With the material below, print exactly the lines between the line holding "Note perforation at" and the line holding "Resultado estético facial", inclusive. Add nothing else.
Segment Open
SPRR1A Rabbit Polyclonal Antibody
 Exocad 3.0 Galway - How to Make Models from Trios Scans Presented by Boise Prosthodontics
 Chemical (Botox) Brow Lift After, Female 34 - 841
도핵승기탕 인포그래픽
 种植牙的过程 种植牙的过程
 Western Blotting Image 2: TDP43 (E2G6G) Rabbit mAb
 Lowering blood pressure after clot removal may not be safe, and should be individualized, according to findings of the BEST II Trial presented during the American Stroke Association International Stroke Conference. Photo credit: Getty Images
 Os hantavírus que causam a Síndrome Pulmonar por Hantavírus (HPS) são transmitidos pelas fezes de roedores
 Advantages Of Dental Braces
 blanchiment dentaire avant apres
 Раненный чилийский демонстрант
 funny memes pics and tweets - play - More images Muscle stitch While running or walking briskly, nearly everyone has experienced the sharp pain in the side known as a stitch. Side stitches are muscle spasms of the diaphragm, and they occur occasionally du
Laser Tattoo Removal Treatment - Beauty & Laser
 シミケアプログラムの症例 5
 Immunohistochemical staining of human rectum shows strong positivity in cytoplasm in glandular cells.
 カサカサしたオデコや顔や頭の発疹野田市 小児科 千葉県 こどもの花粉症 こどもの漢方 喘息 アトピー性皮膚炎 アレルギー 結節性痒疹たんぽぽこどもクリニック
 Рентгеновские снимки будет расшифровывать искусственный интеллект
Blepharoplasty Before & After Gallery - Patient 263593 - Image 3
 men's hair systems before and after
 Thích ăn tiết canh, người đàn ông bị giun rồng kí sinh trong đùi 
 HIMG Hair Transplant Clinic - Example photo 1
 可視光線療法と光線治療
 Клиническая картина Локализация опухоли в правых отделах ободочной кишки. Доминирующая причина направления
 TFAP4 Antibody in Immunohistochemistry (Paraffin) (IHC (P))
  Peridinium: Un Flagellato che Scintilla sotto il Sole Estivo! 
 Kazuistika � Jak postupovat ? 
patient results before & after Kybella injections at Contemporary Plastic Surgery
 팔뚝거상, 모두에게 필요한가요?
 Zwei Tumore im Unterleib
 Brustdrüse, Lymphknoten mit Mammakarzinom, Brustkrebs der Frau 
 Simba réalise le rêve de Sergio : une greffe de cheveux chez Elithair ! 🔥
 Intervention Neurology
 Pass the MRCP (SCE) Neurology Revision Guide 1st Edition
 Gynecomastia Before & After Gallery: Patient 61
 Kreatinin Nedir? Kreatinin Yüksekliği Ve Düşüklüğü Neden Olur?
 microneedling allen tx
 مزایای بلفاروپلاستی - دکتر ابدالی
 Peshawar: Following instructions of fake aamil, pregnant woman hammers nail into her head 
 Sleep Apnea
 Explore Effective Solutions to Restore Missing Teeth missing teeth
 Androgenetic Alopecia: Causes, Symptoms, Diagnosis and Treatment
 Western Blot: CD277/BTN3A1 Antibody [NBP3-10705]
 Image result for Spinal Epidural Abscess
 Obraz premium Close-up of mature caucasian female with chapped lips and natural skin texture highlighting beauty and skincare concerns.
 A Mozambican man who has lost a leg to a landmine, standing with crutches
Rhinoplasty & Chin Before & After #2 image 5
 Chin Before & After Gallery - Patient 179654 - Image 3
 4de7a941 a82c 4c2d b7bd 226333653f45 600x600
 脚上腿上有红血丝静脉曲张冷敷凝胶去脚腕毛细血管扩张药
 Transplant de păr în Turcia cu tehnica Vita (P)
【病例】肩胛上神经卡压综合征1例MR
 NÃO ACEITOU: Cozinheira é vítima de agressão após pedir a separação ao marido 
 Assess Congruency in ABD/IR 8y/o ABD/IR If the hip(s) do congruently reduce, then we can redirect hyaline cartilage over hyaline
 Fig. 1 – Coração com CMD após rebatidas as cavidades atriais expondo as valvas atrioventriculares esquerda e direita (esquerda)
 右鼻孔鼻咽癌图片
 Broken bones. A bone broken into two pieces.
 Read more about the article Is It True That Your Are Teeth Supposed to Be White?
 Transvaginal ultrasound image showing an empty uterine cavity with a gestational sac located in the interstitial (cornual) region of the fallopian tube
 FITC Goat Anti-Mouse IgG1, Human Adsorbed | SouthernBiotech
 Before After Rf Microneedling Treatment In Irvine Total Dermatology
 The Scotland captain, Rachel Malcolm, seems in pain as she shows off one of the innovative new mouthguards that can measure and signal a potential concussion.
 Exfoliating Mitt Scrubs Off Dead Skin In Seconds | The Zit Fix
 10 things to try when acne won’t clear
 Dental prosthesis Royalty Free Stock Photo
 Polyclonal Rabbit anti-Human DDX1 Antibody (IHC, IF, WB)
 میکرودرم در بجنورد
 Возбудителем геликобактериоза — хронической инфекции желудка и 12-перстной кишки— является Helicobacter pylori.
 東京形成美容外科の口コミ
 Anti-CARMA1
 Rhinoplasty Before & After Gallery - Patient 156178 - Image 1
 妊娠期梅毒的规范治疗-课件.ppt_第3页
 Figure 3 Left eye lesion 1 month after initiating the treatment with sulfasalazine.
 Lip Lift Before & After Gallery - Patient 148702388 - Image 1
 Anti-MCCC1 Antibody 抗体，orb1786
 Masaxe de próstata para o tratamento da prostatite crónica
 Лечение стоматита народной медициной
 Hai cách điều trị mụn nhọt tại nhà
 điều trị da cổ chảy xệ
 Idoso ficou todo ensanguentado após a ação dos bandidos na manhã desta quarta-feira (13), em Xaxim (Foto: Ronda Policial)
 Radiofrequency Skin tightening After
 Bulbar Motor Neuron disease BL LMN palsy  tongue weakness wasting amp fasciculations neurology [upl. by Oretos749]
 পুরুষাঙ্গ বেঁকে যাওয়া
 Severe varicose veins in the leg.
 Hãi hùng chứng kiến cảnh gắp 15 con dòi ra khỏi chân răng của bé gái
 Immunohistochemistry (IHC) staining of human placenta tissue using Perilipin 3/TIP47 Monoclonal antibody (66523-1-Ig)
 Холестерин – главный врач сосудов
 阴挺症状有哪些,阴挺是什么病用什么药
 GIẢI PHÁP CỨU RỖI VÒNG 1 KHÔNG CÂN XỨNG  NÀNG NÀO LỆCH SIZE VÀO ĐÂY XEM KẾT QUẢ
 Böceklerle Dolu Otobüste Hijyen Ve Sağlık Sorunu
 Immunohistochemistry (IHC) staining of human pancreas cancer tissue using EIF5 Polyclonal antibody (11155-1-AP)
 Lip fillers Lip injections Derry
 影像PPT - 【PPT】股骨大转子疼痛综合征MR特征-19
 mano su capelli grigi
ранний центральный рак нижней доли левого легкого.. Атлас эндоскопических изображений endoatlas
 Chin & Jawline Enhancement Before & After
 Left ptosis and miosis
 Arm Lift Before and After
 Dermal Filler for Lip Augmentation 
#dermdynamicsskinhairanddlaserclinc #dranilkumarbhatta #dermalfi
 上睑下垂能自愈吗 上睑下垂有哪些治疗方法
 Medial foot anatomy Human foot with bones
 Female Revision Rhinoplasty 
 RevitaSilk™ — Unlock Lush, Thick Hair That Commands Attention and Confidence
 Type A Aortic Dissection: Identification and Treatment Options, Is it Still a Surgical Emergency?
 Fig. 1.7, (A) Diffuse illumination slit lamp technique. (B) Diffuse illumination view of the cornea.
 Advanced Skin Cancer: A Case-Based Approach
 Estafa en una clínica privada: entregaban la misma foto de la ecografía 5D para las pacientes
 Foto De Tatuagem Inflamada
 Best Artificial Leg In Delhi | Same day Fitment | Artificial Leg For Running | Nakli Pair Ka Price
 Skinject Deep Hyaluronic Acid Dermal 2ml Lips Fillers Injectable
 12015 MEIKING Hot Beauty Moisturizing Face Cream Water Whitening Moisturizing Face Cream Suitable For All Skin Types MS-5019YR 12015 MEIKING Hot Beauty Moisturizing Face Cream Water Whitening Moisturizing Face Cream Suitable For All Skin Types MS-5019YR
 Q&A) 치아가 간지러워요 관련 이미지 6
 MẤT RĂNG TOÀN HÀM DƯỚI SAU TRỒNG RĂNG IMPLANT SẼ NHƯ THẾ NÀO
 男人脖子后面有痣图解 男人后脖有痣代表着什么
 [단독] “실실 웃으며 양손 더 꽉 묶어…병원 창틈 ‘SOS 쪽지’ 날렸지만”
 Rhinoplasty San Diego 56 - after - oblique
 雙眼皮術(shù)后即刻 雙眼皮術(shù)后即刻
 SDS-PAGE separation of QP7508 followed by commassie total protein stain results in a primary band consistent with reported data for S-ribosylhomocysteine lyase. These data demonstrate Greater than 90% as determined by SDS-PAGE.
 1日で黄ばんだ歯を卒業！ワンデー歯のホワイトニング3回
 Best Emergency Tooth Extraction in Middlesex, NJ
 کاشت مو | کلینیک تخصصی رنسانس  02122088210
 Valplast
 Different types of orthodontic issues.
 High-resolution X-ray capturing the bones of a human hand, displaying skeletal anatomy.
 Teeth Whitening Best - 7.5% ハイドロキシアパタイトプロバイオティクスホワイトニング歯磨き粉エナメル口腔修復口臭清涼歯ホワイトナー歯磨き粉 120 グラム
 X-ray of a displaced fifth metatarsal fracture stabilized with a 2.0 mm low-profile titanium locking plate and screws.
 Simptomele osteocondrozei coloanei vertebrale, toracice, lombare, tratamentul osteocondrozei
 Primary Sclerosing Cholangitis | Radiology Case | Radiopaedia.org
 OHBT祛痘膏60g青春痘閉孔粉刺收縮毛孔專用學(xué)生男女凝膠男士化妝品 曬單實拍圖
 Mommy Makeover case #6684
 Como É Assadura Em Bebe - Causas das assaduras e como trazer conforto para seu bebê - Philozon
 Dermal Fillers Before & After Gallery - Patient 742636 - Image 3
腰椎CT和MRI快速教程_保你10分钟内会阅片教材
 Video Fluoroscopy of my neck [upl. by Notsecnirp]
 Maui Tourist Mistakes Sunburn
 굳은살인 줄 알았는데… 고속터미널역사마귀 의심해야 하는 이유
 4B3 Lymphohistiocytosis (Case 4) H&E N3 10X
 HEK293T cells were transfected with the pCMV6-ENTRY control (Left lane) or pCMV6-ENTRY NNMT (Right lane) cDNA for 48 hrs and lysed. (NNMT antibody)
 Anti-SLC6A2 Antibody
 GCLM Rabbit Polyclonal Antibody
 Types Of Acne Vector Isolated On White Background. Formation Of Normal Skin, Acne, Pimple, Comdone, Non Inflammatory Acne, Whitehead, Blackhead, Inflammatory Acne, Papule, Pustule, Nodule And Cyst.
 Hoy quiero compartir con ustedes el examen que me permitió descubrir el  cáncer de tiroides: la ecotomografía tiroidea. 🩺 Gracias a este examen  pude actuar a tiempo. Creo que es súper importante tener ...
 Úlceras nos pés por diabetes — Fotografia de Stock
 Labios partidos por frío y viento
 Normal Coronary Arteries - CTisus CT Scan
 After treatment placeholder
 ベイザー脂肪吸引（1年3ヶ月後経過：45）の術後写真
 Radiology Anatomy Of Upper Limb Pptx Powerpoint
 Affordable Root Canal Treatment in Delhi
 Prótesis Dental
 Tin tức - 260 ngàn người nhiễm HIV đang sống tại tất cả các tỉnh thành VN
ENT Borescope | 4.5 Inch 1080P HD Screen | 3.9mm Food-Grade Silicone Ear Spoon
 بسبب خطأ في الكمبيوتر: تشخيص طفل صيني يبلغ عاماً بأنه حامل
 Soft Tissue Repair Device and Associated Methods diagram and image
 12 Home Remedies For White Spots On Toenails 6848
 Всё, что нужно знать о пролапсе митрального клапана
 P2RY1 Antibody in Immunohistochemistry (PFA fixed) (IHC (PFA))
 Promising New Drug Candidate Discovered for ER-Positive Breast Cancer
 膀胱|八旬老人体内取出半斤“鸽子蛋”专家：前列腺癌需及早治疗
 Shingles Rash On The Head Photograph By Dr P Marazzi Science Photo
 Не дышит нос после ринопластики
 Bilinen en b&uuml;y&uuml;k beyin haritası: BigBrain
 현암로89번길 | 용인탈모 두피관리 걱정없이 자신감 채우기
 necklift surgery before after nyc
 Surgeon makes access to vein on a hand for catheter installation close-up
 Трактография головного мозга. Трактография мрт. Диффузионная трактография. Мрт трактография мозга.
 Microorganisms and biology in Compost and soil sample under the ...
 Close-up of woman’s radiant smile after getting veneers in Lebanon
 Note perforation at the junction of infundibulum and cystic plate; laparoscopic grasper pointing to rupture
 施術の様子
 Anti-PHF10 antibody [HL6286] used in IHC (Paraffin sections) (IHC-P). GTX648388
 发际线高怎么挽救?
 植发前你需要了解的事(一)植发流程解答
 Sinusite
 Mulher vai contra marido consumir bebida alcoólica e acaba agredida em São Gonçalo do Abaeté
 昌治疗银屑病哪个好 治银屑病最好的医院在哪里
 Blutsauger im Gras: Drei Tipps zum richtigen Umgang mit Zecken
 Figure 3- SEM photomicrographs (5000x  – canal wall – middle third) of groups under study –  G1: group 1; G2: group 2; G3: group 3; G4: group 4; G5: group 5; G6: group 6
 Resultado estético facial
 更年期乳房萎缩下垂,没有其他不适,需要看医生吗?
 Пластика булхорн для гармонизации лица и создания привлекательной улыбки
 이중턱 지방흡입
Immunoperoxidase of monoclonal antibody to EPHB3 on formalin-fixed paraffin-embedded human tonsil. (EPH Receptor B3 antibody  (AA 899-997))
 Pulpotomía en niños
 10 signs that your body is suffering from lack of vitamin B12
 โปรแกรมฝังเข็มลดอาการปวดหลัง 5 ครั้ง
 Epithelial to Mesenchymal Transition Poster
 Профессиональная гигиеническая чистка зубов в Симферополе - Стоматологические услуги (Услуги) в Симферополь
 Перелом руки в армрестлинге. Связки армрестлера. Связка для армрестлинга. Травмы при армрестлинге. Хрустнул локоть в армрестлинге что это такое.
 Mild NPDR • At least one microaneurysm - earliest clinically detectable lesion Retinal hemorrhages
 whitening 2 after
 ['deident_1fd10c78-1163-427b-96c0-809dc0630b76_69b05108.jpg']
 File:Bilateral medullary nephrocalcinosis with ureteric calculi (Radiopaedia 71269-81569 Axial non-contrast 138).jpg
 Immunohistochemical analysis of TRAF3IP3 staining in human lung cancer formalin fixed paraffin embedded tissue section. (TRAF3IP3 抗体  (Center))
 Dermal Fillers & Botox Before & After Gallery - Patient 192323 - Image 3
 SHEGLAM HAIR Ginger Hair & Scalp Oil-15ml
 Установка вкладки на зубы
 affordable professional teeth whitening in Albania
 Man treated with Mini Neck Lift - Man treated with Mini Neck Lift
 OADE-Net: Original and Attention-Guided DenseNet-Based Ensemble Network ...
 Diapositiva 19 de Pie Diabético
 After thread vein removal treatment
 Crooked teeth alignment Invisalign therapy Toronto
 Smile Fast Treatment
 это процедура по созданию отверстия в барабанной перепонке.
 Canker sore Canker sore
Segment Closed
PROBLEM SOLUTION:
 Note perforation at the junction of infundibulum and cystic plate; laparoscopic grasper pointing to rupture
 施術の様子
 Anti-PHF10 antibody [HL6286] used in IHC (Paraffin sections) (IHC-P). GTX648388
 发际线高怎么挽救?
 植发前你需要了解的事(一)植发流程解答
 Sinusite
 Mulher vai contra marido consumir bebida alcoólica e acaba agredida em São Gonçalo do Abaeté
 昌治疗银屑病哪个好 治银屑病最好的医院在哪里
 Blutsauger im Gras: Drei Tipps zum richtigen Umgang mit Zecken
 Figure 3- SEM photomicrographs (5000x  – canal wall – middle third) of groups under study –  G1: group 1; G2: group 2; G3: group 3; G4: group 4; G5: group 5; G6: group 6
 Resultado estético facial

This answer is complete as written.